Pat Cadigan is the author of more than a dozen books, including two nonfiction titles, a young adult novel, and two Arthur C. Clarke Award–winning novels, Synners and Fools. She has won two Scribe Awards for a novelization of Alita: Battle Angel and an adaptation of William Gibson’s unproduced screenplay for Alien 3, along with three Locus Awards and a Hugo Award for her novelette “The Girl-Thing Who Went Out for Sushi.” Pat lives in North London with her husband, Chris Fowler.
Terry Dowling has been called “Australia’s finest writer of horror” by
Locus magazine.
TheYear’s Best Fantasy and Horror series featured more horror stories by Dowling in its twenty-one–year run than any other writer. Dowling is author of
Basic Black: Tales of Appropriate Fear (International Horror Guild Award for Best Collection, 2007),
An Intimate Knowledge of the Night,
Blackwater Days, and
The Night Shop: Tales for the Lonely Hours. He can be found at www.terrydowling.com.
Jeffrey Ford is the author of the novels
Vanitas,
The Physiognomy,
Memoranda,
The Beyond,
The Portrait of Mrs. Charbuque,
The Girl in the Glass,
The Cosmology of the Wider World, and
The Shadow Year. His story collections are
The Fantasy Writer’s Assistant,
The Empire of Ice Cream,
The Drowned Life, and
Crackpot Palace. Ford has published over one hundred short stories, which have appeared in numerous journals, magazines, and anthologies, from the
Magazine of Fantasy & Science Fiction to
The Oxford Book of American Short Stories. He is the recipient of the World Fantasy Award, the Nebula Award, the Shirley Jackson Award, the Edgar Award, France’s Grand Prix de l’Imaginaire, and Japan’s Hayakawa’s SF Magazine Reader’s Award.

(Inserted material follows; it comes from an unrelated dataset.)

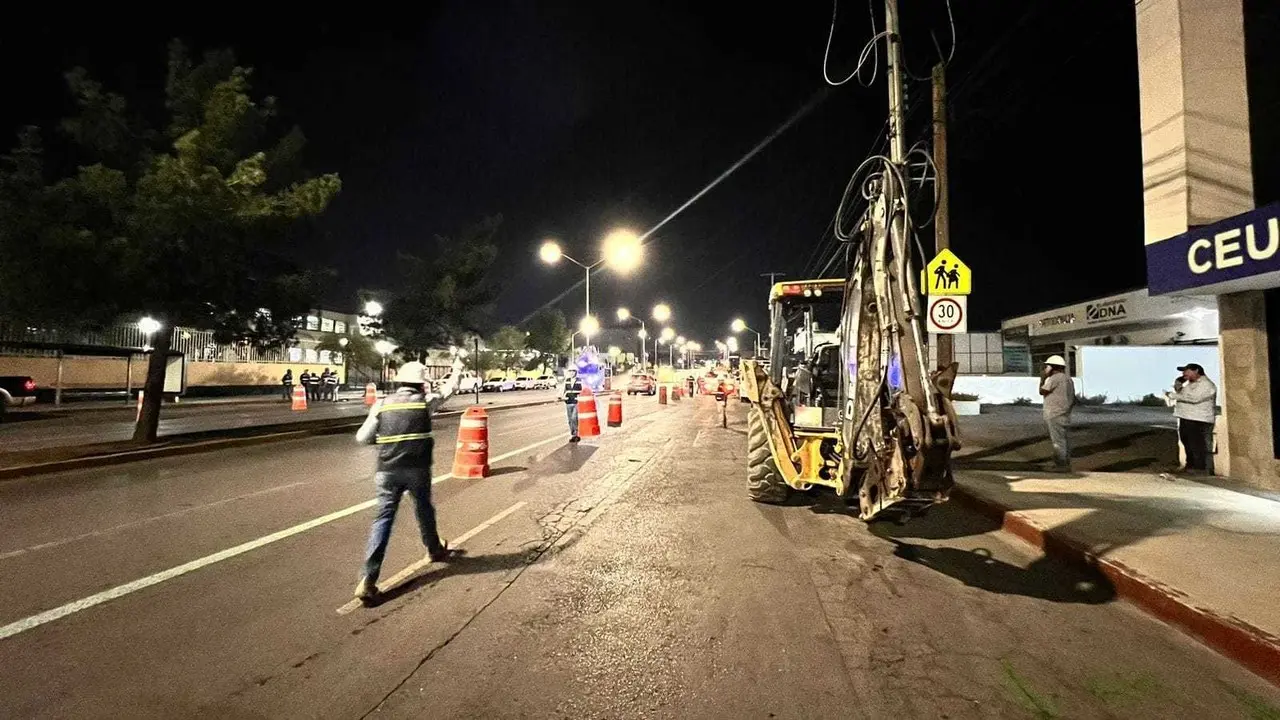 La noche del domingo 9 de junio iniciaran en el bulevar Venustiano Carranza los trabajos de sustitución de tomas por parte de Aguas de Saltillo. (Fotografía: Gobierno de Saltillo)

Ford’s fiction has been translated into twenty languages. In addition to writing, he has been a professor of literature and writing for thirty years and has been a guest lecturer at the Clarion Writers’ Workshop, the Stone Coast MFA in Creative Writing Program, Richard Hugo House in Seattle, and the Antioch Writers’ Workshop. Ford lives in Ohio and currently teaches at Ohio Wesleyan University.
Shirley Jackson Award winner Kaaron Warren has published five novels and seven short story collections. She’s sold two hundred short stories to publications big and small around the world and has appeared in Ellen Datlow’s Year’s Best anthologies. Her novel
The Grief Hole won three major Australian genre awards. She has lived in Melbourne, Sydney, Fiji, and Canberra; her most recent works are “The Deathplace Set” in
Vandal, and
Bitters, a novella. Warren won the inaugural Mayday Hills Ghost Story Competition.
John Langan is the author of two novels and five collections of stories. For his work, he has received the Bram Stoker and This Is Horror Awards. He is one of the founders of the Shirley Jackson Awards. He lives in New York’s Hudson Valley with his family and certainly not too many books.